Sunday, 7 September 2014

The End Of Eternity, Sort Of

Greg Bear, Eternity (London, 2010).

Cosmic science fiction addresses ultimate questions, the Stapledonian themes of cosmos and consciousness.

Are the personal issues satisfactorily resolved at the end of Eternity? The Patricia who had left an Earth that, shortly afterwards, had a global nuclear war wanted to find an Earth on which there had been no nuclear war but on which she herself had died in some accident so that she, the Patricia returning from space, could take the place of the Patricia that had died in an accident. Instead, long after Patricia's death, another inter-universal traveler finds an Earth on which there had been no nuclear war but on which Patricia had neither gone into space nor died in an accident. He then merges part of the space-faring Patricia's mentality into the Patricia of that Earth but in such a way that most of the space-traveling Patricia's memories are not retained:

"No Stone in the heavens, she told herself. Whatever that means." (p. 320)

This seems to submerge, rather than to satisfy, the original Patricia? Of course, I would like to know more about the Final Mind and the answer to the last question on p. 322.
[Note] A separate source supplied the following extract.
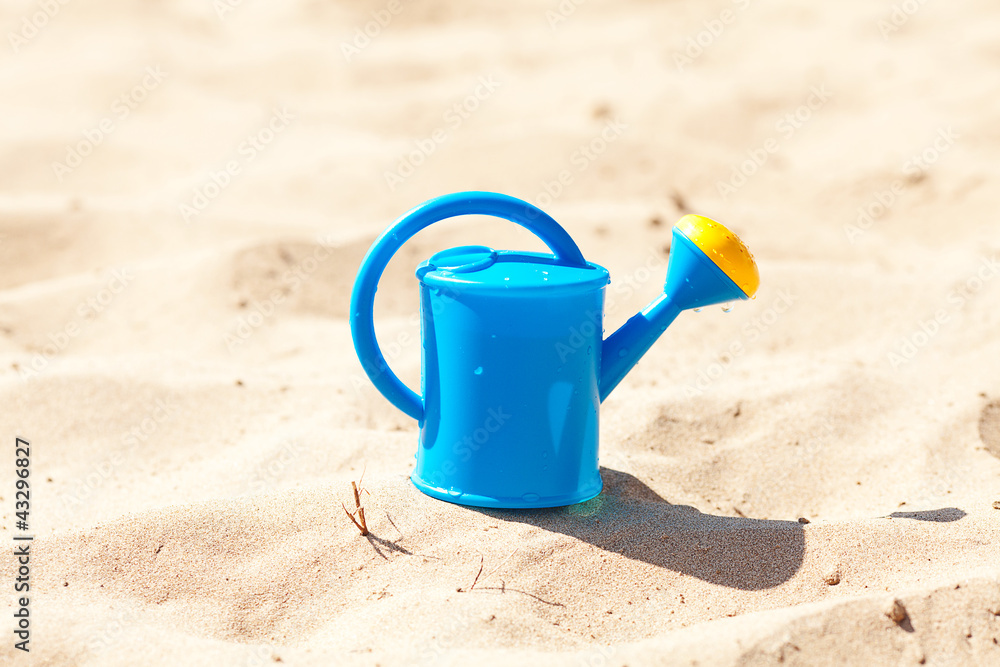 watering can on a background of sand watering can on a background of sand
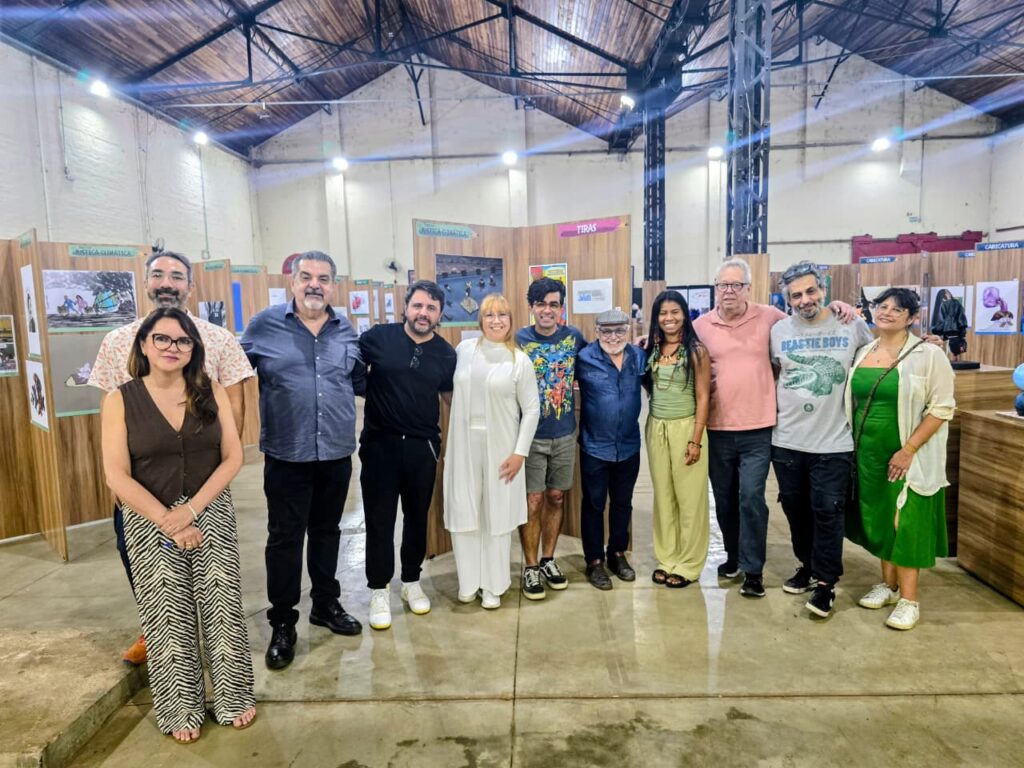 Foto coletiva do júri e organizadores posando juntos na exposição do Salão de Humor.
I think that it is appropriate to return to Poul Anderson for a while although that will have to wait until I have acquired NESFA Collections Vol 2, not even ordered yet, unless there are meanwhile some further reflections to be made on the Technic History.

3 comments:

Sean M. Brooks said...

Hi, Paul!

"No stone in the heavens"? An allusion, perhaps, by Greg Bear to his father in law's novel A STONE IN HEAVEN?

Sean

Jim Baerg said...

See my comment to the previous post.
There is one board from the Ship of Theseus, which is insufficient to claim it is in any sense the same ship.

Sean M. Brooks said...

Kaor, Jim!

Like you, I don't believe in reincarnation. Unlike others, I do believe, as a Catholic, in the survival of the soul after bodily death.